The definition of the model is easy, thanks to the advanced functions implemented in a shipbuilding oriented CAD System. The use of a topological model instead of a geometrical model, facilitates its definition, allows the quick study of different design alternatives and simplifies the modifications, which are very common in the early ship design stages. The main advantage of the topological definition, where geometrical data are not stored but calculated on-line, is that changes in the main hull surfaces are automatically incorporated in the modified elements, just by reprocessing them. In addition, the topological definition allows the existence of powerful copy commands making thus the definition far more efficient than working only with geometry. Another benefit of the topological model is the size of information stored in the database, much less than for geometrical models.
The key aspect of the design process is the definition of a single ship 3D model, accessible for several designers working concurrently, to be used in all stages of the ship design. While the project is progressing, the level of detail is increasing and the different parts of the model are subdivided by means of a progressive top-down definition. The solution delivered by a shipbuilding oriented CAD System includes tools that facilitate the direct transition from basic to detail design, by means of simple operations that include blocks splitting, the assignment of parts to blocks and the completion of the model with attributes for the manufacturing phase.
4. Basic design process
The basic design process in a shipbuilding oriented CAD System begins with the forms file definition, hydrostatic calculations, definition of volumes, characterization of the intact and damage stability conditions and other naval architecture concepts. Later on it is necessary to define the material catalogues describing plates and profiles to be used in the design. Once the hull forms, decks, bulkheads and other surfaces are created, the hull structure module is used to create the major openings in all surfaces, the scantling of the main surfaces for plates and profiles as well as the main structural elements (floors, web frames, girders, stringers, etc.).
The definition is usually based in the frame and longitudinal systems which allows a full recalculation of the model in case of changes in the spacing between elements.
In early stages, plates and profiles are created as objects representing zones of a surface with common scantling properties. Therefore, the size of the objects is not consistent with the manufacturability, which will be considered in later stages of the design. Other properties like the continuity and watertightness attributes of surfaces or parts of them can be defined at any time.
The sequence of the definition of the model in a shipbuilding oriented CAD System has a high degree of flexibility being possible to create both plates and profiles at any time. However, designers would normally follow the same rules as when working in 2D, which means to start with the definition of the continuous elements because this will allow the automatic splitting of the non-continuous elements (Aarnio, 2000).
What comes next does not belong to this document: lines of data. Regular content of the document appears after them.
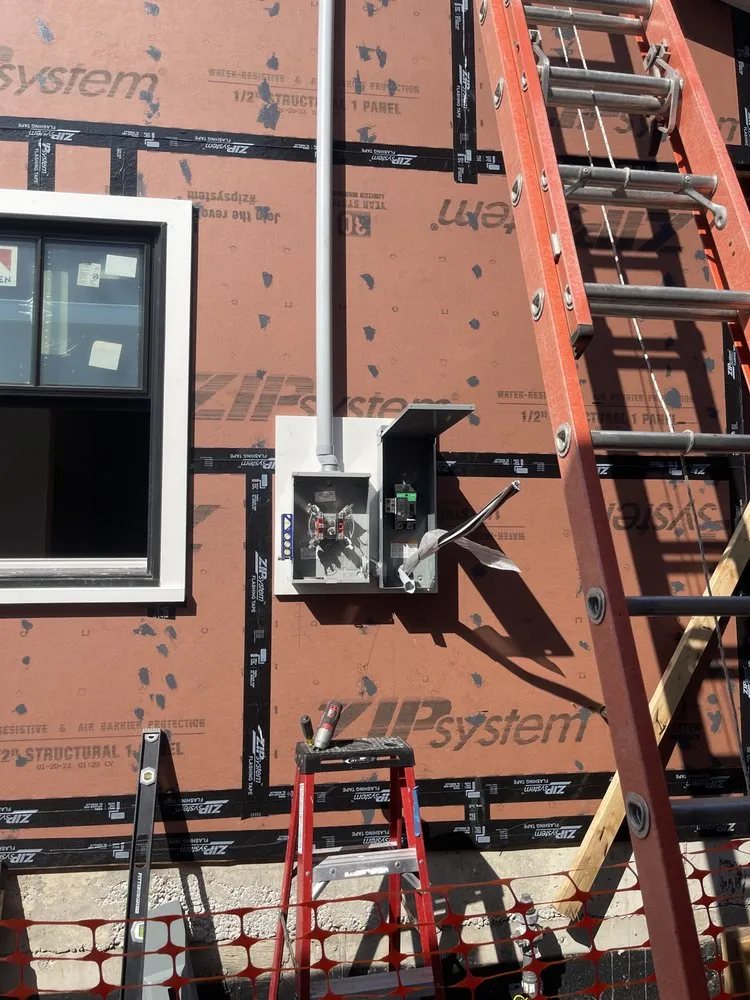 Slide of SOS Electric Solutions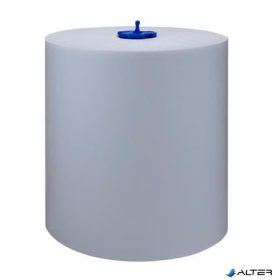   Kéztörlő, tekercses, belsőmag-adagolás, 1 rétegű, W6 rendszer, Universal, TORK, kék
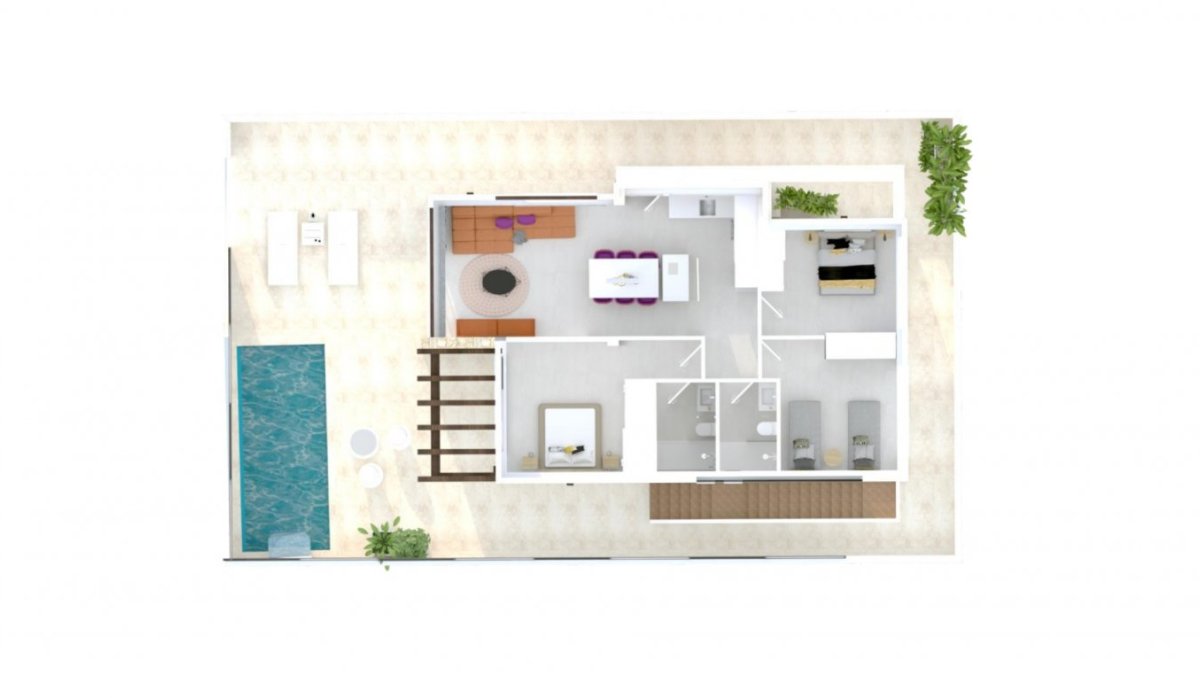 New Build - Villa - Vera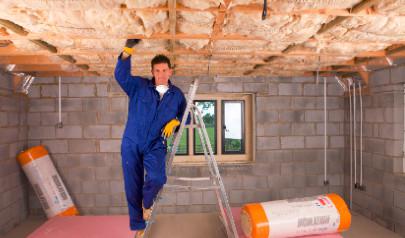 How to Insulate a Basement Ceiling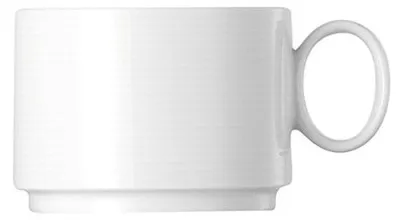 Imagen del producto de Thomas Tee-Obertasse stapelbar Loft Weiss 11900-800001-16647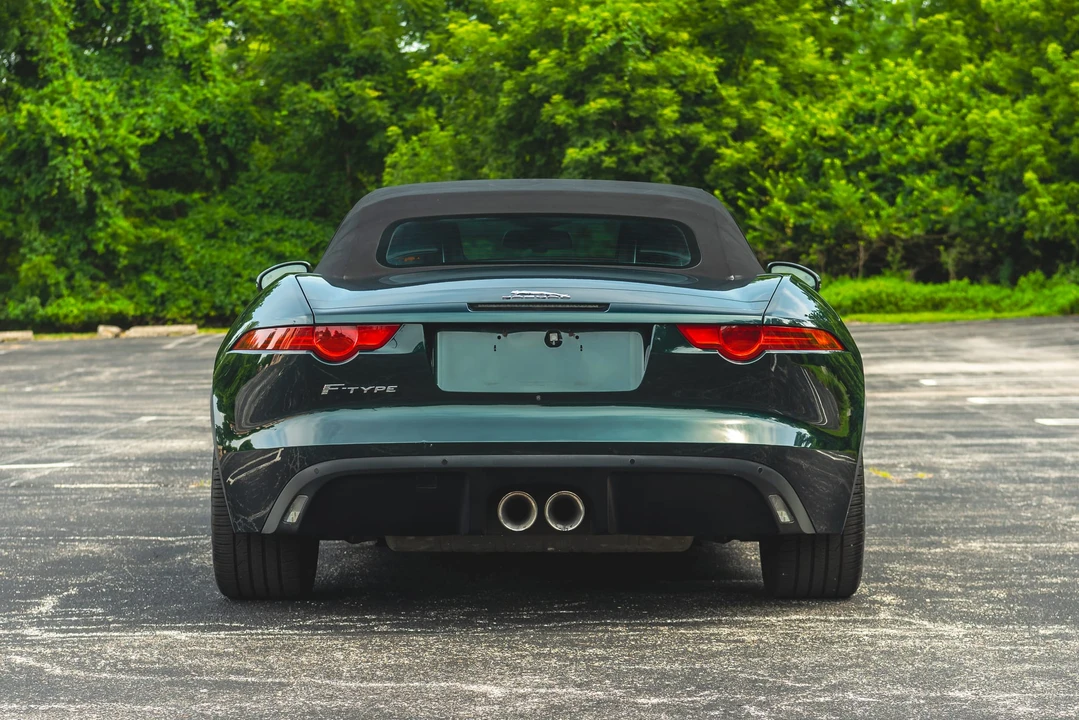 2015 Jaguar F-Type 1st Gen - Image 9 of 31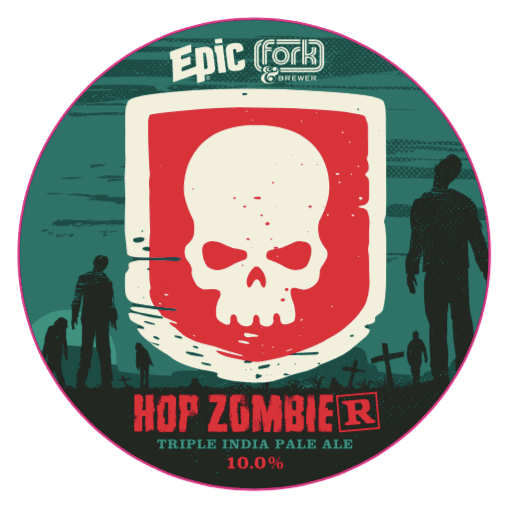 Hop ZombieR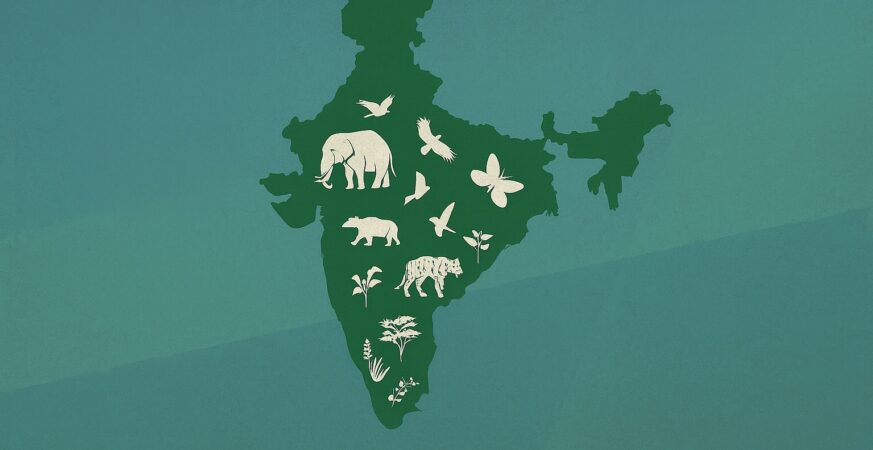 India Biodiversity Conservation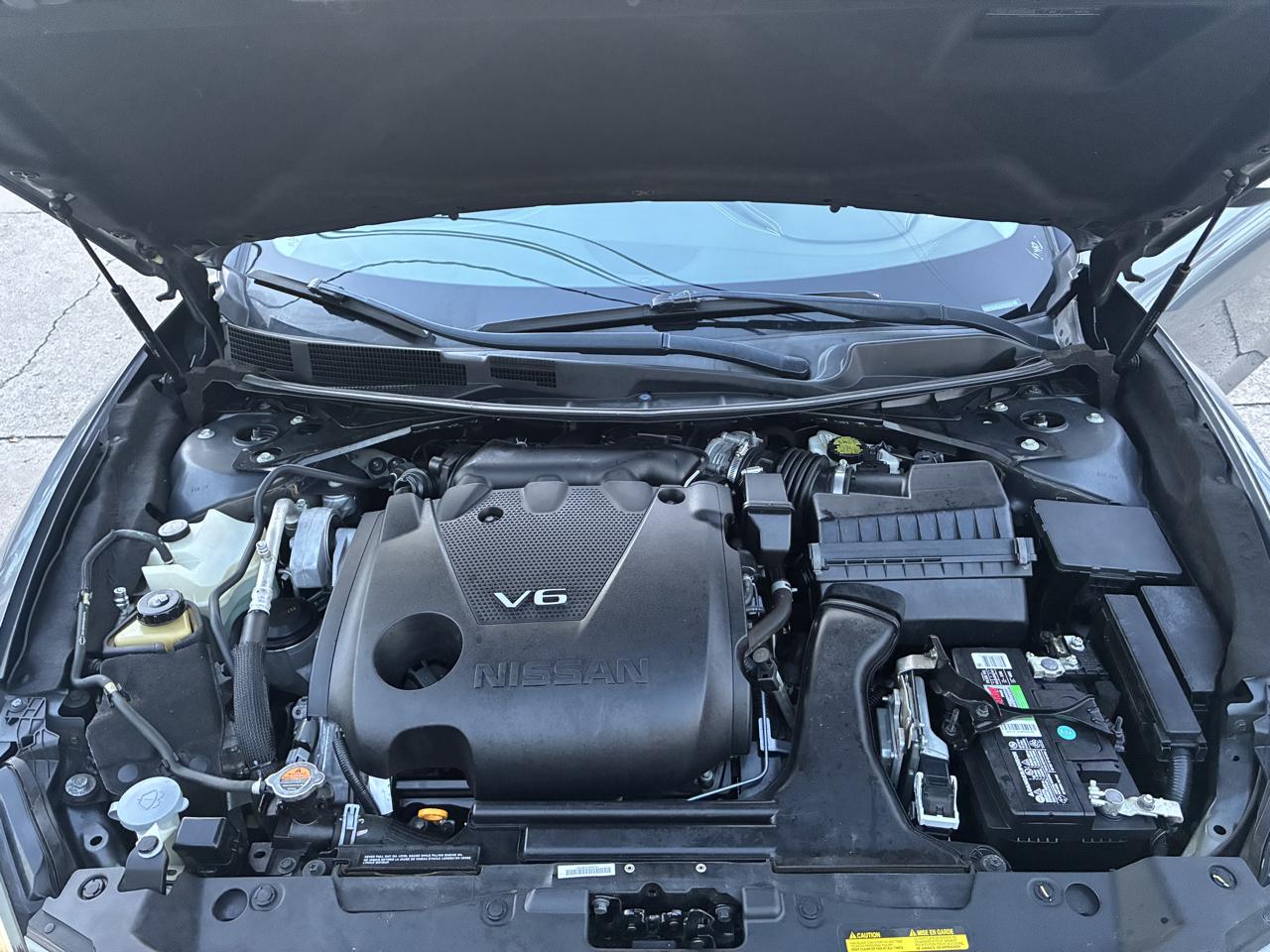 Nissan Maxima 3.5 SV 2021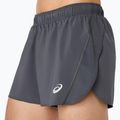 Férfi futónadrág Asics Core Split Short Carrier Grey 4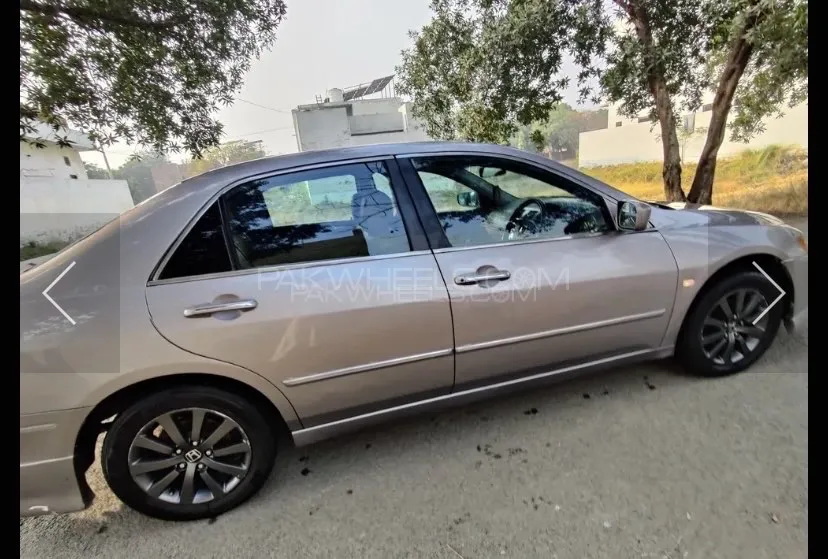 Honda Accord 2003 for Sale in Lahore Image-1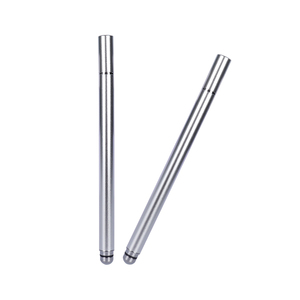 ปากกาสไตลัสปลายยางแท็บเล็ตโลหะพีซีปากกาสไตลัสปากกาสแบบกำหนดเองพร้อมปากกาสไตลัสดิจิตอลใช้งาน - Product Image 3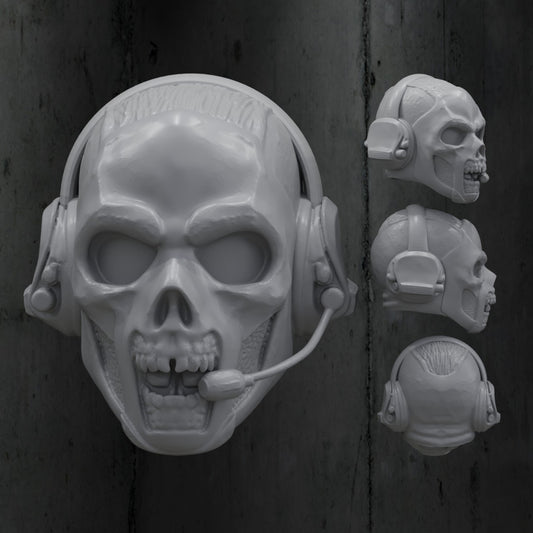 Masked Operator 2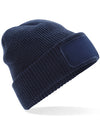 Beechfield CB440 Thinsulate™ Patch Beanie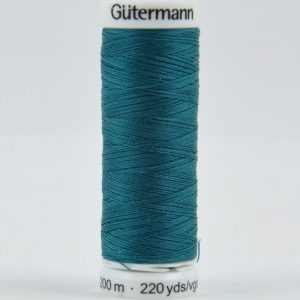 Gütermann Allesnäher 200m 223 blaugrün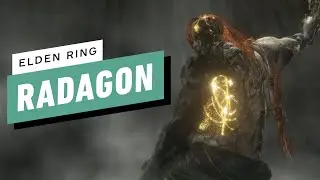 Elden Ring Gameplay Walkthrough - Radagon Boss Guide (Leyndell, Ashen Capital)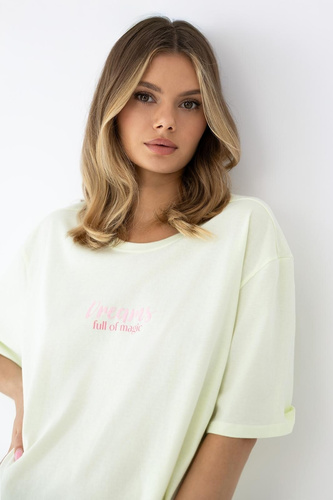 Camisón Savanna Sensis lima algodón ligero cómodo mujer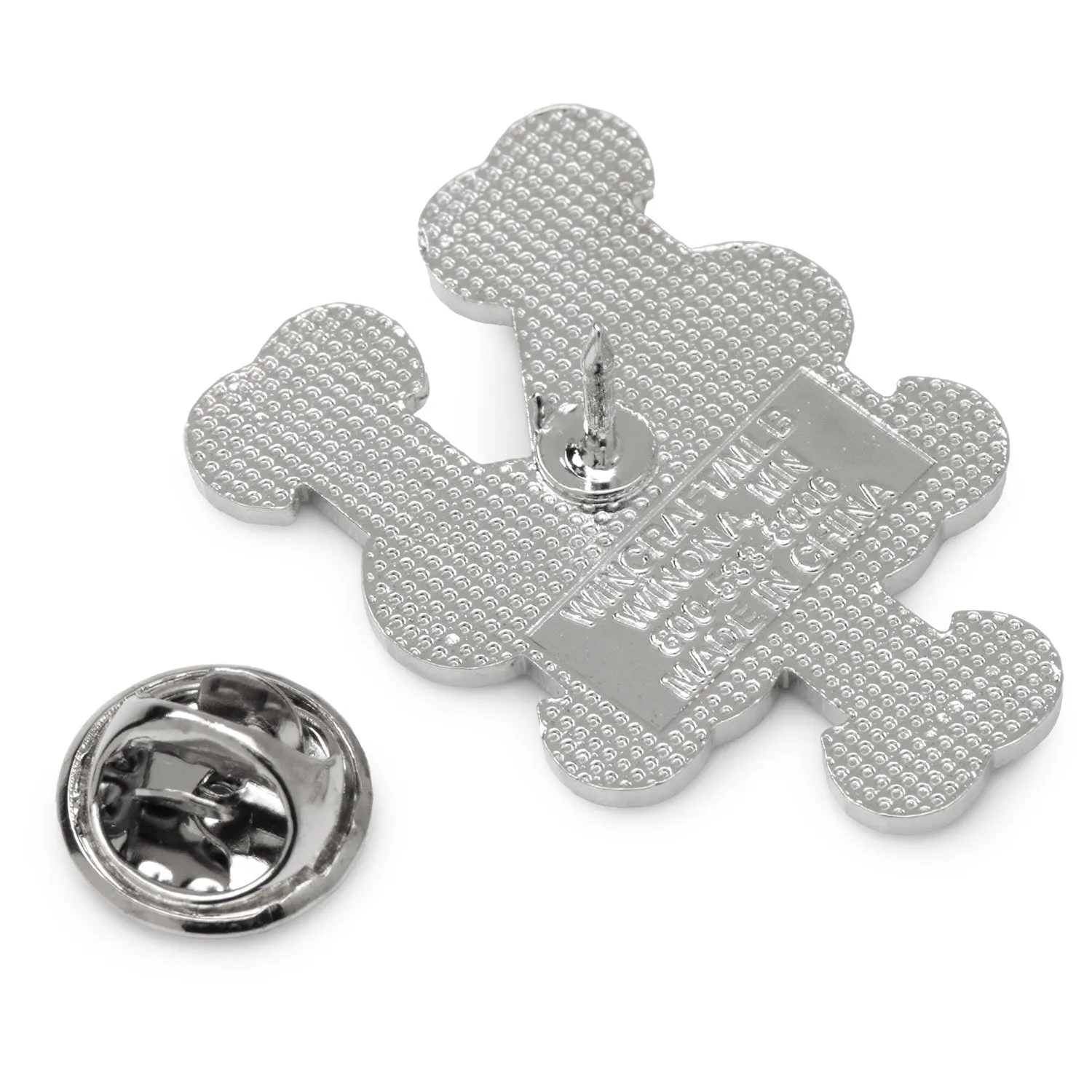 New York Mets Lapel Pin sold by Sartoro product image thumbnail 4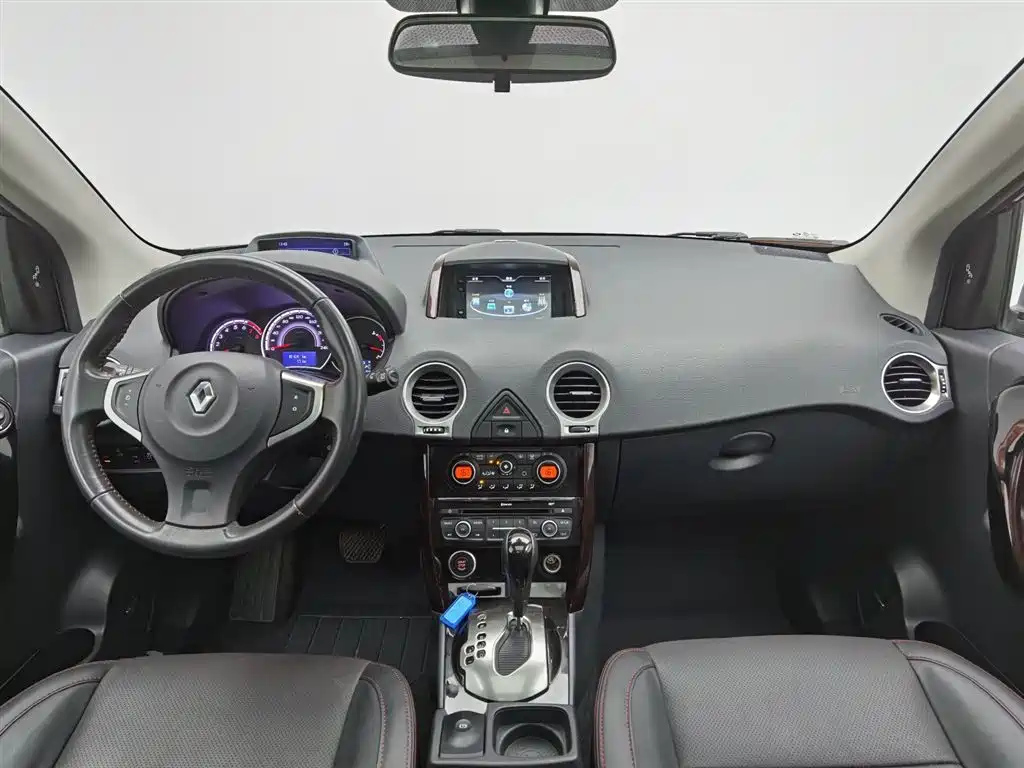 RENAULT KOLEOS IMPORT 2016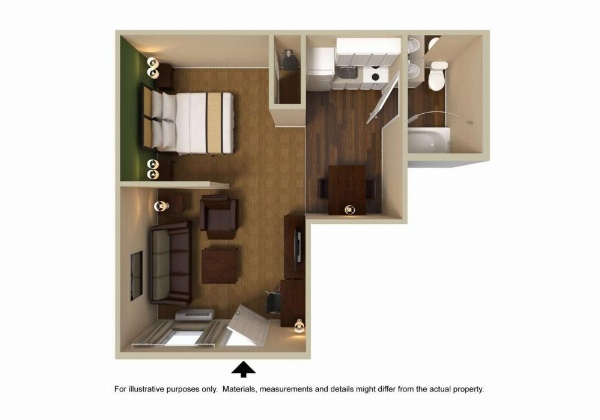 Extended Stay America - Raleigh - North - Wake Forest Road image 26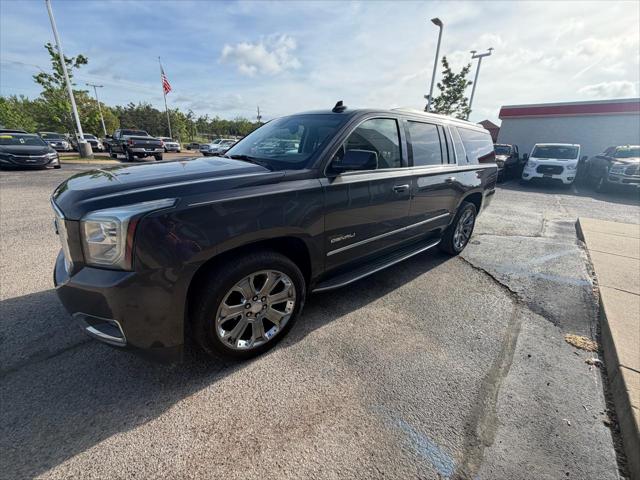 2016 GMC Yukon XL Denali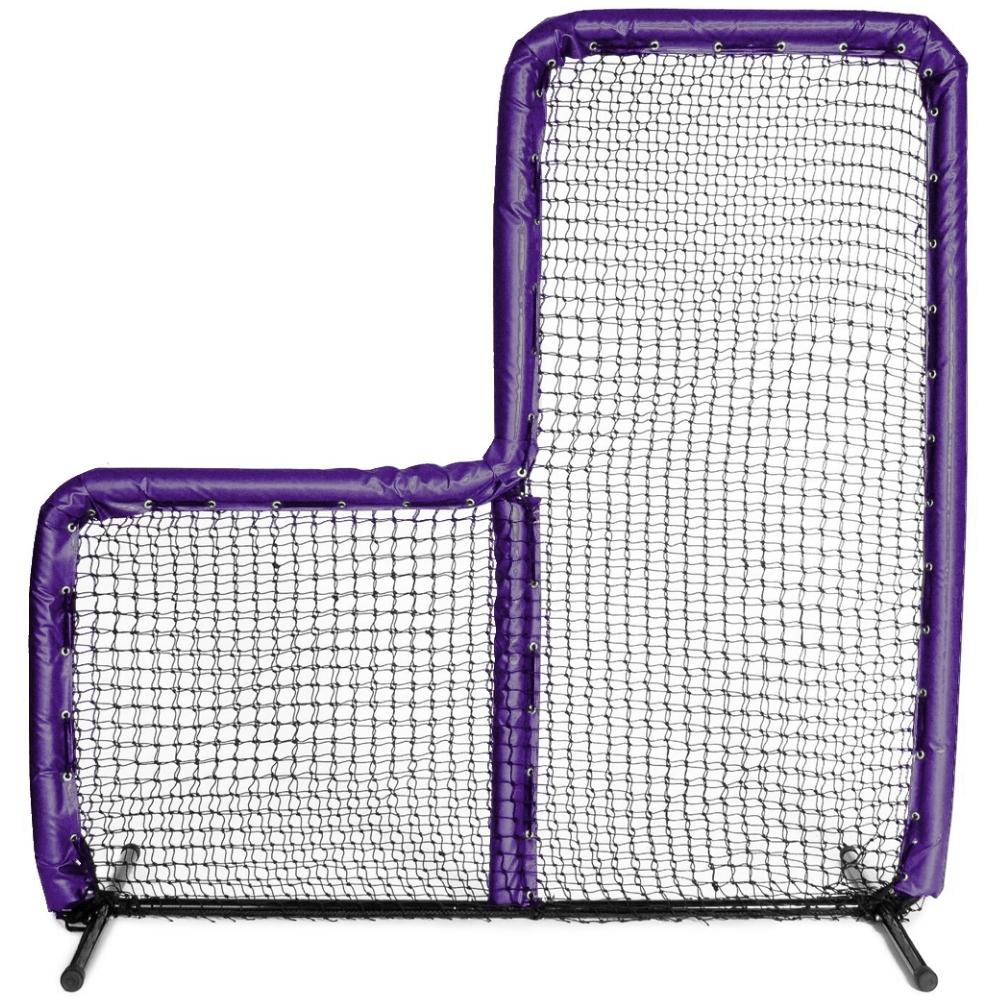 Armor L - Screen 7' x 7' Baseball Pitching Screen - Custom Netting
The assembly break down to unit or block is optional at this stage, and the level of detail of the 3D model is the one required by the classification drawings, with respect to the type of parts included (brackets, face bars, clips, collars, etc.) as well as to other characteristics (profile end cuts, scallops, notches, etc).
Figure 3: General Arrangement of a ship using a CAD System
4.1 Surface definition and naval architecture calculations
Ship moulded surfaces model includes the external hull form, decks, bulkheads, appendages and superstructures. Under a shipbuilding oriented CAD System, the geometrical representation for all the surfaces is a collection of trimmed NURBS patches, Bezier patches, ruled surfaces and implicit surfaces (planes, cylinders, spheres and cones). The surfaces can be imported from files using different generic formats, such asiges and the AP-216 of the step format.
FORAN, as an example, has two complementary tools for surface definition. The traditional tool permits the definition of the hull surface, either conventional or special forms, such as non-symmetrical ones, multi-hull and offshore platforms. This tool includes advanced fitting and fairing options and allows several transformations of the hull forms (based in block coefficient, longitudinal position of the centre of buoyancy or quadratic) and other operations like lengthening or shortening of a ship that can be easily performed.
This CAD System has incorporated recently an additional tool based in the latest-generation of mechanical design that can be used for improving hull forms.
The intensive use of topology makes possible the automatic recalculation of all elements when a modification is performed in upper level concepts (hull and decks surfaces or material standards). This type of topological definition produces important time savings during the development of the basic design, where the modifications are frequent.
Once the surfaces have been defined, it is possible to analyse the hydrostatic and stability calculations. For these naval architecture purposes, it has been developed a new module called FBASIC that groups in a single solution the former modules.
Figure 4: FBASIC, one of the latest tool for advanced naval architecture calculations
4.2 Volume definition
The next step in the basic design definition is to define the compartment arrangement of the project. It will be based on the definition of spaces. Each space will be represented by its 3D model.
Also, it has been developed a new module called FGA. This module is dedicated to define and manage the compartment arrangement of a project. A 3D model of the spaces will be generated taken as reference the surfaces of the ship as well as auxiliary planes. It is also possible the definition of spaces from 2D drawing in a specific definition environment. Compartment arrangement defined on FGA will be available in FBASIC module for hydrostatic and stability calculations.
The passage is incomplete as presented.